_THE TASK_: Without the images, reproduce every entry exactly.

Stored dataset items
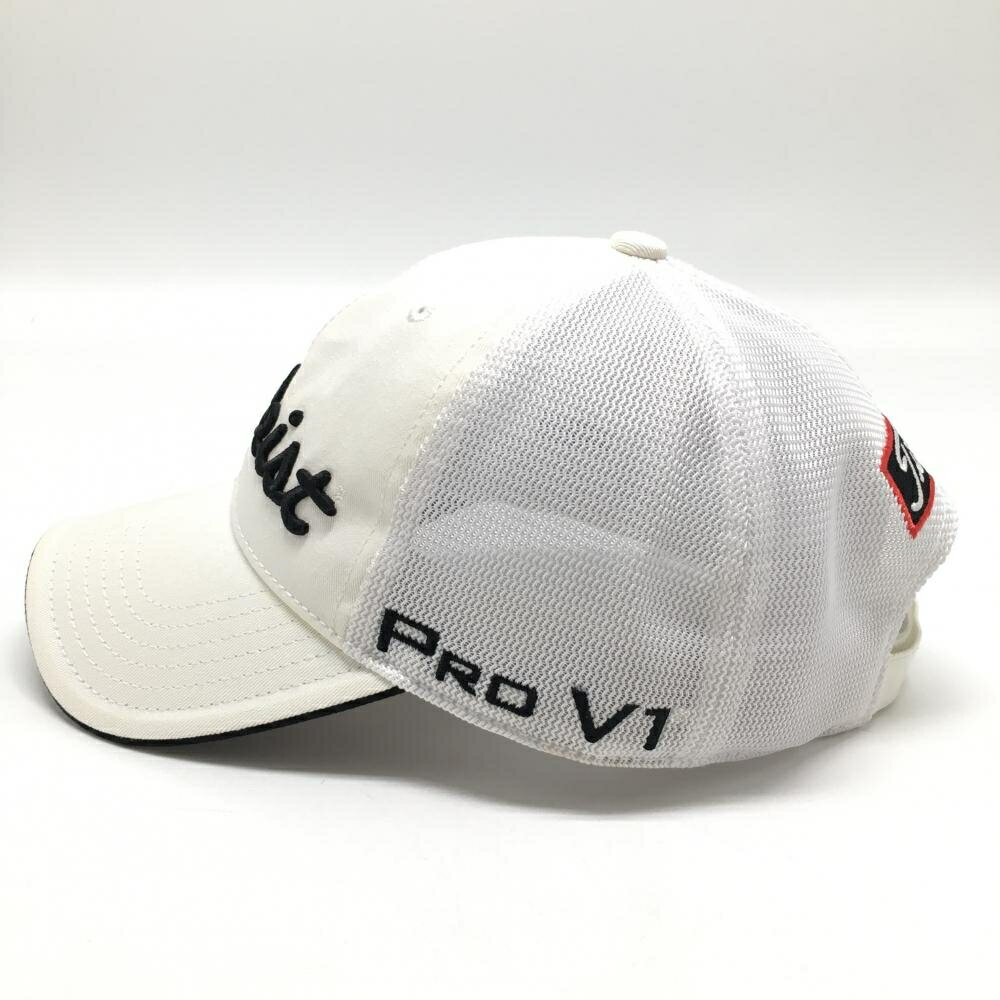 タイトリスト メッシュキャップ 白系×黒 立体ロゴ ゴルフウェア TITLEIST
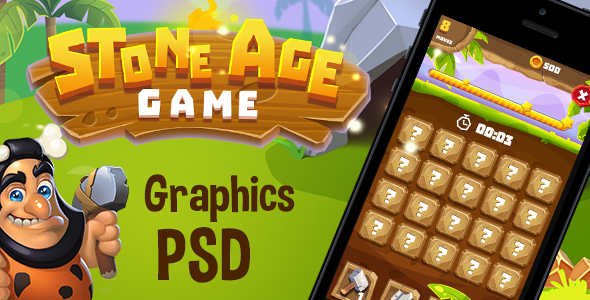 Stone Age HTML5 Game [ 20 levels ] + Capx - 1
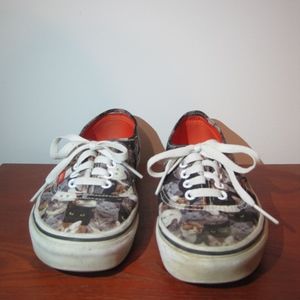 Cat Patterned VANS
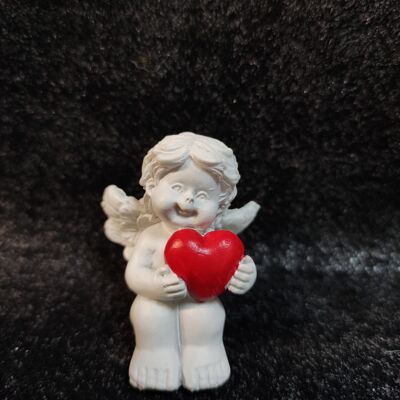Bébé ange avec coeur rouge No.2 ca.4.3cm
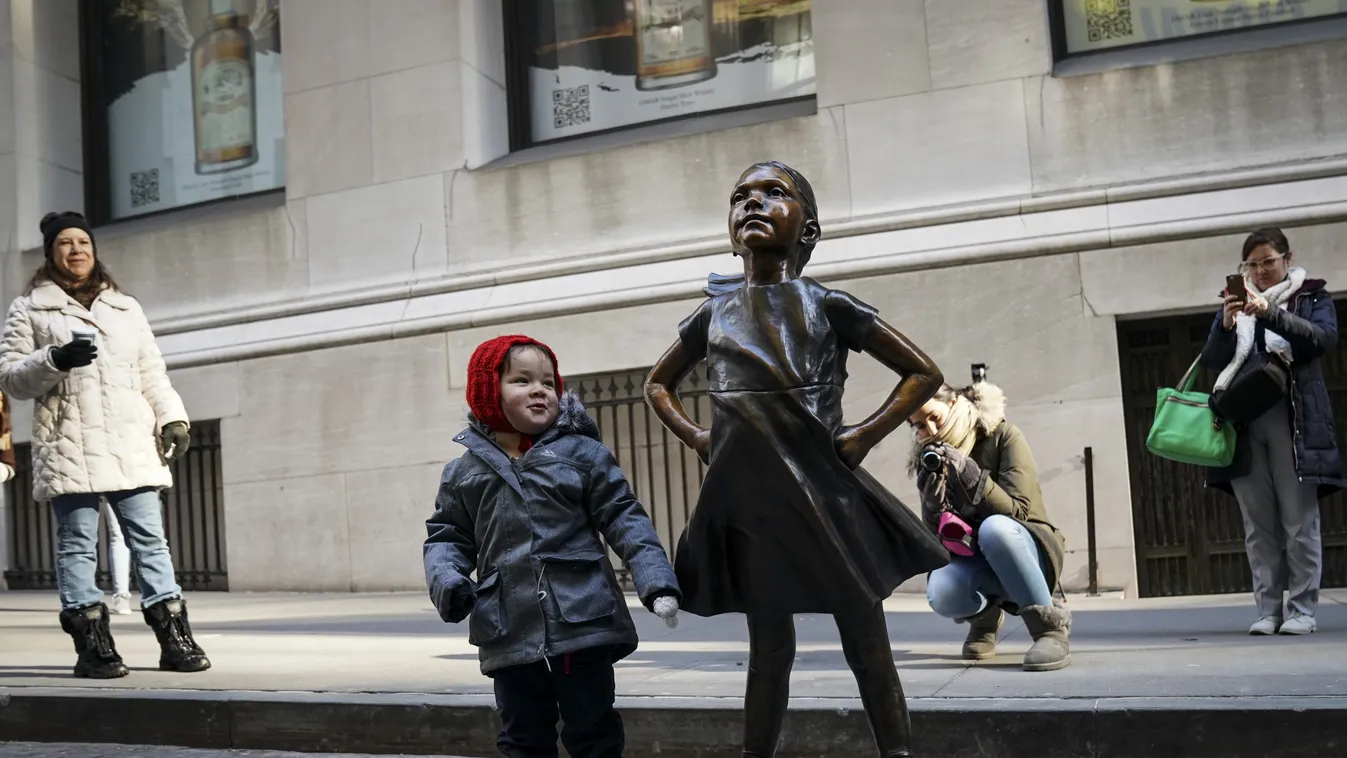 "Fearless Girl" Statue Moves To Her New Home Across From NY Stock Exchange GettyImageRank1 bestpix bestof topix 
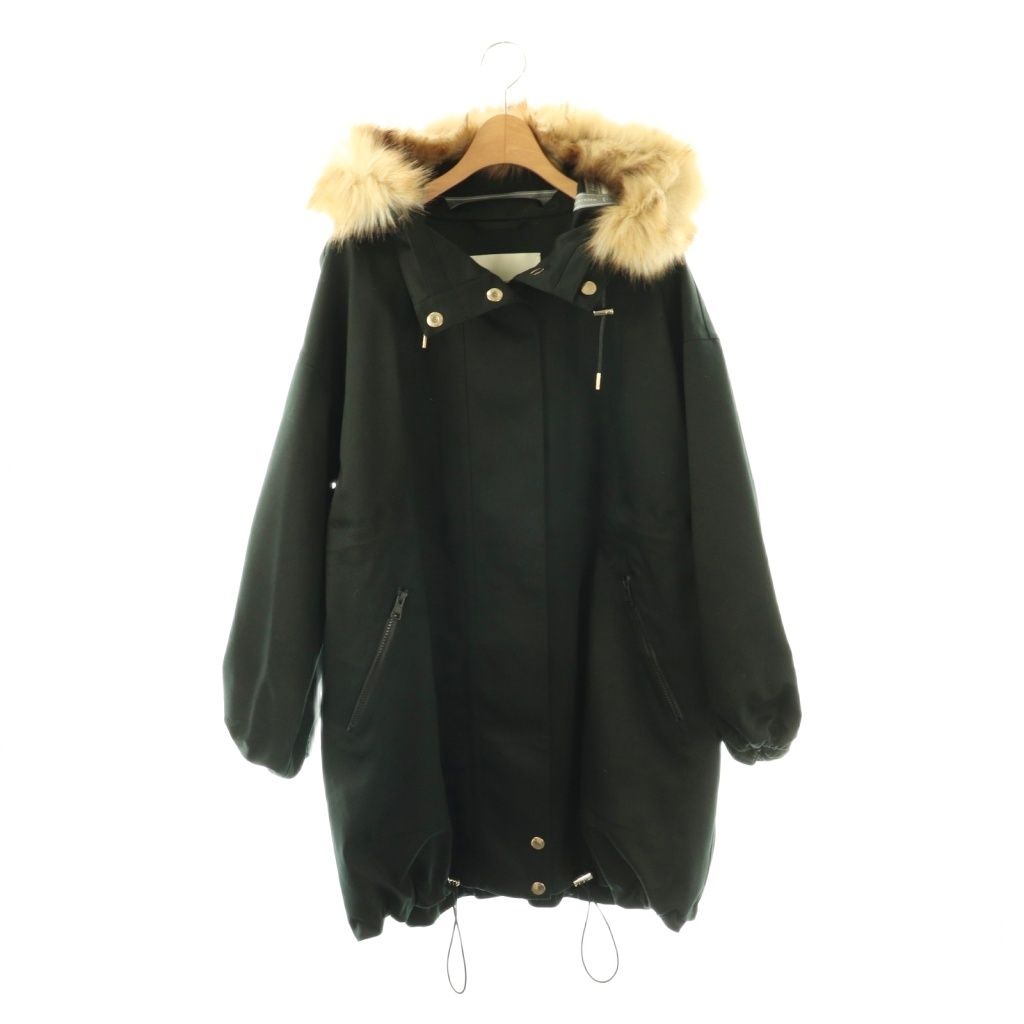 マッキントッシュ MACKINTOSH パフスリーブドローストリングミリタリーパーカー SKYE アウター ジャケット 6 ブラック /CX ■OS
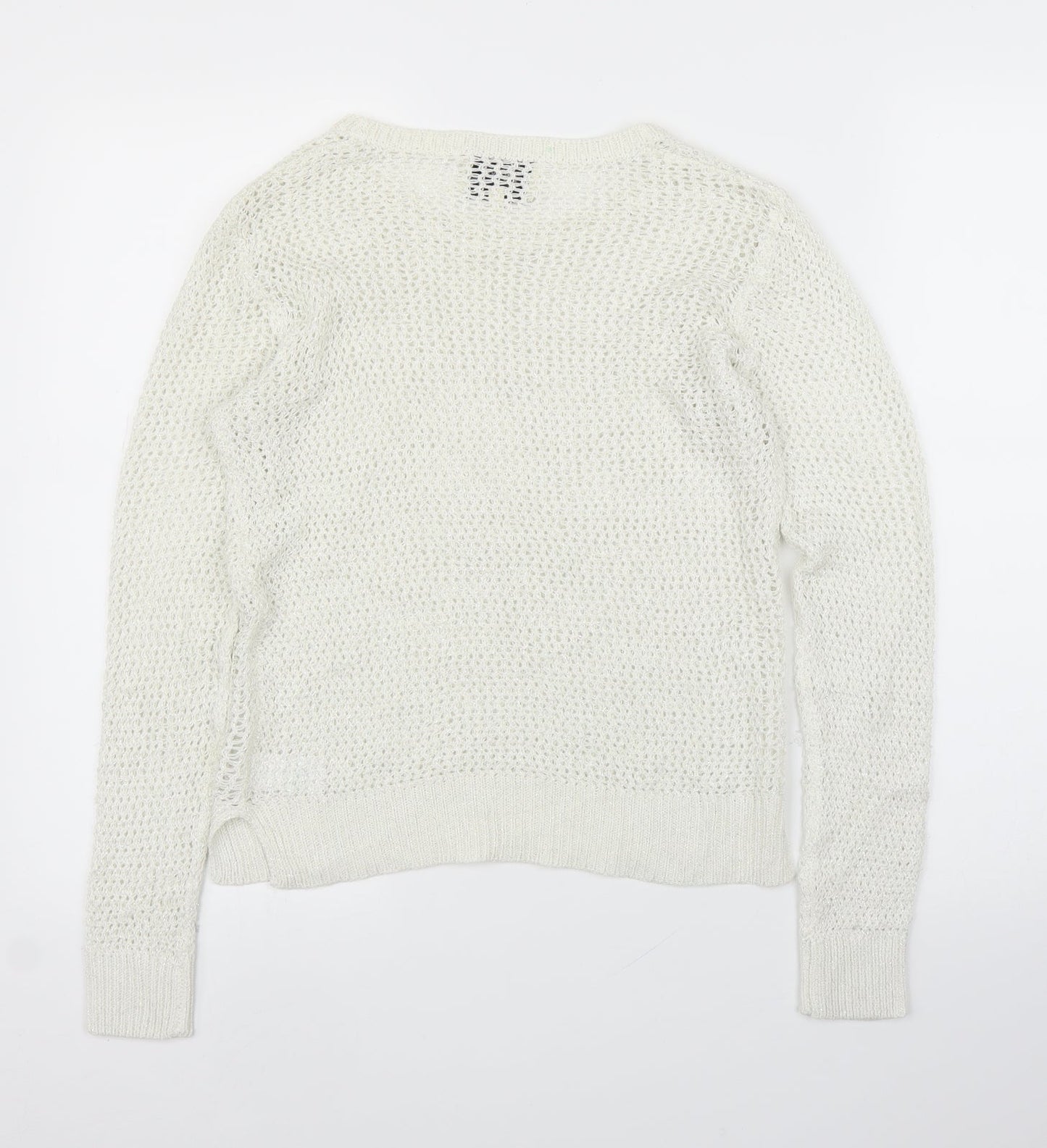Womens UK Size S Papaya Ivory Pullover Jumper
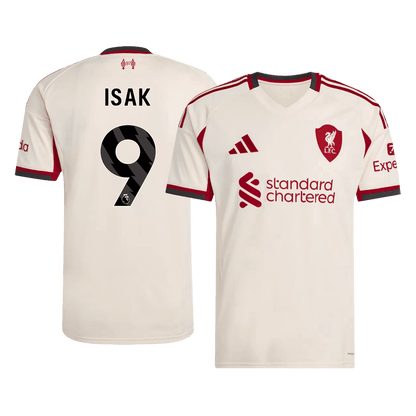 ISAK #9 Men's Liverpool 2025/26 Away Soccer Jersey product view 1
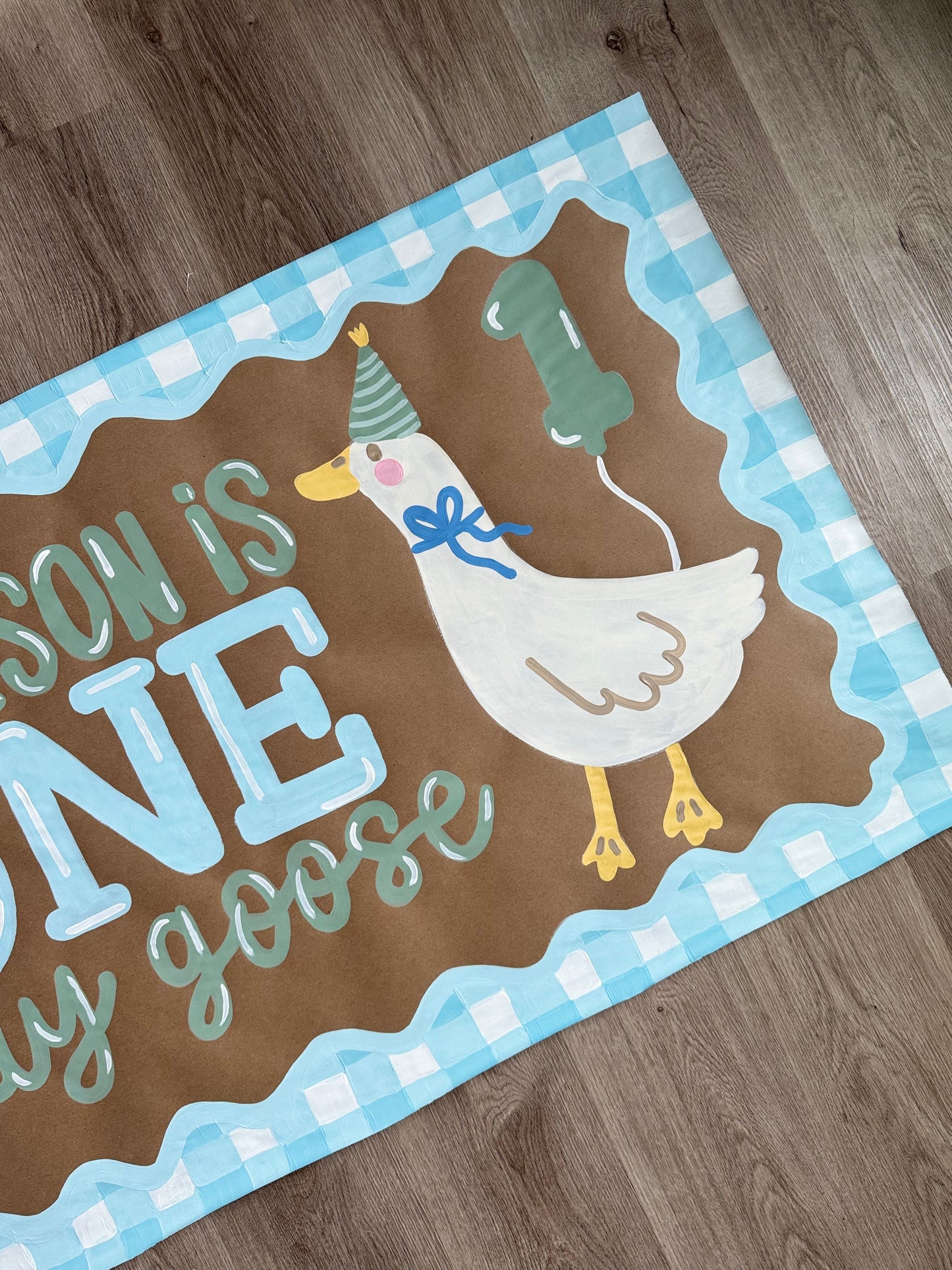 CUSTOM STANDARD PAINTED BIRTHDAY BANNER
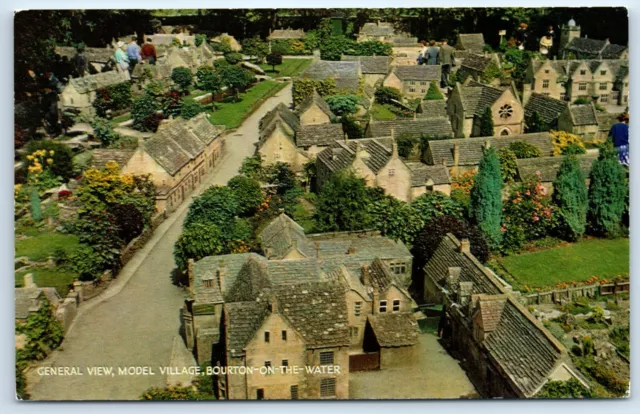 Postcard Bourton On The Water Gloucestershire General View Model Village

_RESPONSE FOR THIS EXERCISE_:
 タイトリスト メッシュキャップ 白系×黒 立体ロゴ ゴルフウェア TITLEIST
 Stone Age HTML5 Game [ 20 levels ] + Capx - 1
 Cat Patterned VANS
Bébé ange avec coeur rouge No.2 ca.4.3cm
 "Fearless Girl" Statue Moves To Her New Home Across From NY Stock Exchange GettyImageRank1 bestpix bestof topix 
 マッキントッシュ MACKINTOSH パフスリーブドローストリングミリタリーパーカー SKYE アウター ジャケット 6 ブラック /CX ■OS
Womens UK Size S Papaya Ivory Pullover Jumper
 ISAK #9 Men's Liverpool 2025/26 Away Soccer Jersey product view 1
 CUSTOM STANDARD PAINTED BIRTHDAY BANNER
 Postcard Bourton On The Water Gloucestershire General View Model Village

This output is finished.